Tony Edwards
The value of user testing

The value of user testing

- 3 mins

At work, the project I head up is entering its final phase of development before release. To make sure that we’re making guests life easier, I’ve hosted a user testing session in recent days. The results are surprisingly unsurprising. Bugs have been flagged up, paths through the app were broken, and features were not used as expected.

It was enlightening!

Whilst we’re well past the prototyping phase, the Designing UX: Prototyping book by Dan Goodwin and Ben has been super useful in setting up this activity. It pushed me into the right mindset for testing in a high fidelity context, giving a great framework for asking the right questions and setting the right tasks for users to work though. Although some of the tooling in the book in out dated, the concepts are solid and will never not be relevant. It’s also a super easy read, and pairs up well with lessons withing ‘The Mum Test’. Both are highly recommended if you’re about to perform this type of task.

Designing UX: Prototyping book

On the day, test users were provided with four groups of related tasks, the kind of things that guests will over the lifecycle of their stay. Feedback was gathered via both a form and conversation, plus observational notes to pair with screen and audio recordings. The perspective afforded by looking over a shoulder instead of testing yourself allows different elements of the product to jump out. E.g,

Testing MAUI apps with users

Talking with frontline staff, those on the end of the phone during both the booking process and during the stay, uncovered a bunch of easy wins for the product.
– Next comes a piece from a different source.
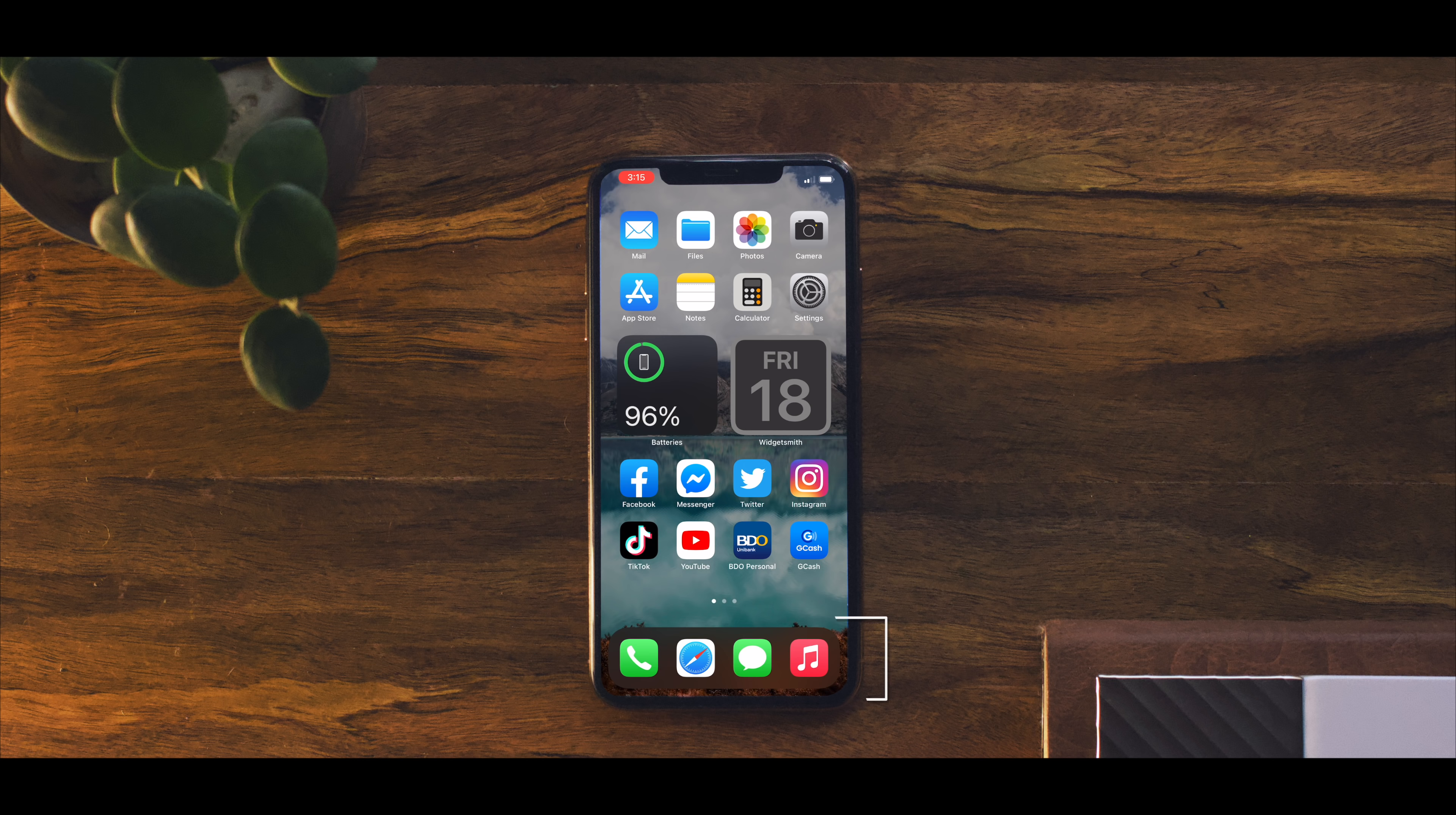On the dock I retain the original setup as I have ever since I started using iPhones. I've been so used to it and I didn't want to mess it up.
The process also threw me back to a conversation at the Product Task meetup in Köln. I was talking about testing with a fellow attendee, with the conversation continuing afterwards digitally. I highlighted that my test group will come from within the company. It was suggested that they’d use the product differently to actual guests due to institutional knowledge, whilst I exibited an undeserved level of hubris that they wouldn’t.

Surprise surprise. . . they did.

One of the tasks was to navigate to a booked property, effectivly the stay starting tomorrow. Everyone within the business checked to see if the textual directions were present in the app. Everyone outside of the business simply clicked the map to start navigation within their maps app. This really highlighted how institutional knowledge affects the was a user performs a task. Martin. You were right. . . but only one of us knew that at the time! To paraphrase Tim Herberg, the speaker on the night:

Gut feeling has a place in the discovery process. It can inform the direction in the early days, but should quickly be backed up or discarded due to data.

Unfortunatly, I’d forgotten that point in the sime since and neglected to get the data to back up my assumptions.

Overall this was an enlightening process, and one that reminded me of the value that the rapid feedback loop that often comes with an agile-esque development process. Whilst some of the things that were flagged up are solid suggestions, there’s not really enough time to both polish what exists and introduce the refined features before launch day.

Lesson learned.

This was a fun and very useful process to go through as a product developer. I’m now sitting on a pile of actionable feedback, insights from different levels of the business, and even a few ideas that can help make the wider teams life easier via minimal changes to existing products or a quickly vibed prototype.

Oh. . . and biscuits. We ate a lot of biscuits.